Send Sensor Data to Ceilometer

Registered by devananda on 2013-11-13

This blueprint will define the sensor data collection interface and implement a driver based on IPMI to collect sensor data and send them to Ceilometer.

Blueprint information

Status:
Complete
Approver:
devananda
Priority:
High
Drafter:
Haomeng,Wang
Direction:
Approved
Assignee:
Haomeng,Wang
Definition:
Approved
Series goal:
Accepted for juno
Implementation:
Implemented
Milestone target:
milestone icon 2014.2
Started by
Haomeng,Wang on 2014-02-13
Completed by
Haomeng,Wang on 2014-08-01

Related branches

Sprints

Whiteboard

Discussed with Ceilometer team, they suggest we can follow Nova event notification message format to send IPMI Data notification to Ceilometer Collector directly.

And we will design a driver-based framework to collect these hardware sensor data such as Temperature/FAN Speed/Volt etc and send them to Ceilometer Collector for extending more drivers for different hardware systems which has no IPMI enabled.

Define these base class as absolute layer:

ironic.drivers.base.BaseDriver:sensor
ironic.drivers.base.SensorInterface

Implement this interface as follow for our IPMI sensor data collecting:

ironic.drivers.modules.ipmitool:IPMISensor

However we have to verify this solution in code level to double confirm if it works or not, else we have to discuss with Ceilometer team with new round to work out new solutions. Based on the testing code, we can refine the data-model/interface with Ceilometer and have the finalized design before coding.

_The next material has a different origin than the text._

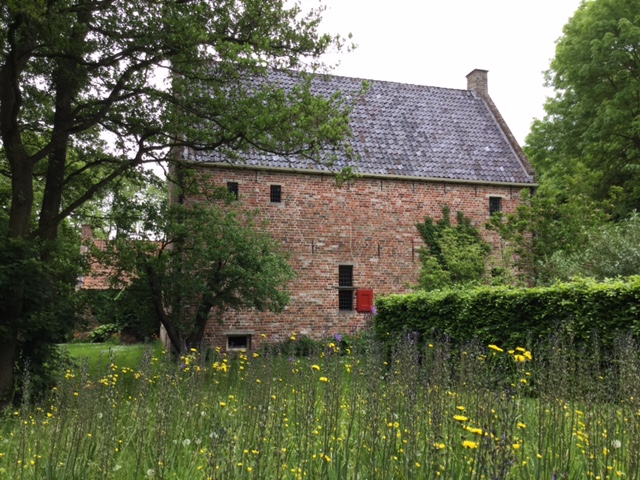 Museum Helmantel (De Weem) - Het Tuinpad Op / In Nachbars Garten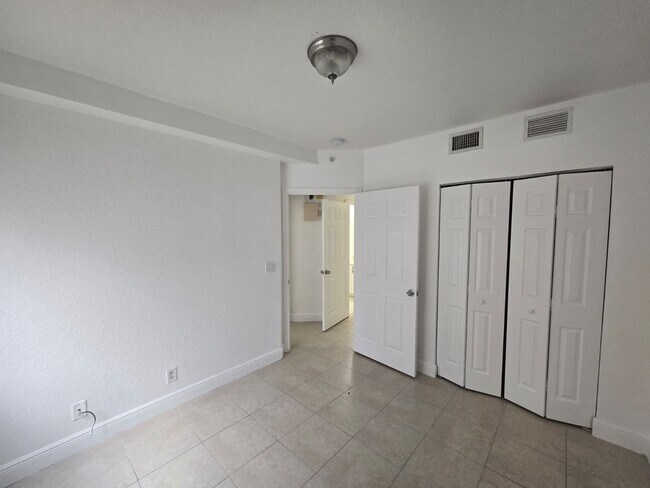 Building Photo - 3 Bedroom Townhome in West Palm Beach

@Devananda, one question here, I remembered that you mentioned this blueprint is not in our icehouse release scope, can you help to confirm? Thank you.

--Haomeng, 2013-12-09

-------------------

@Haomeng, it is not an essential feature for coming out of Incubation, which is our priority for Icehouse time frame. However, it is still an important feature to several other teams, and it is fine to work it.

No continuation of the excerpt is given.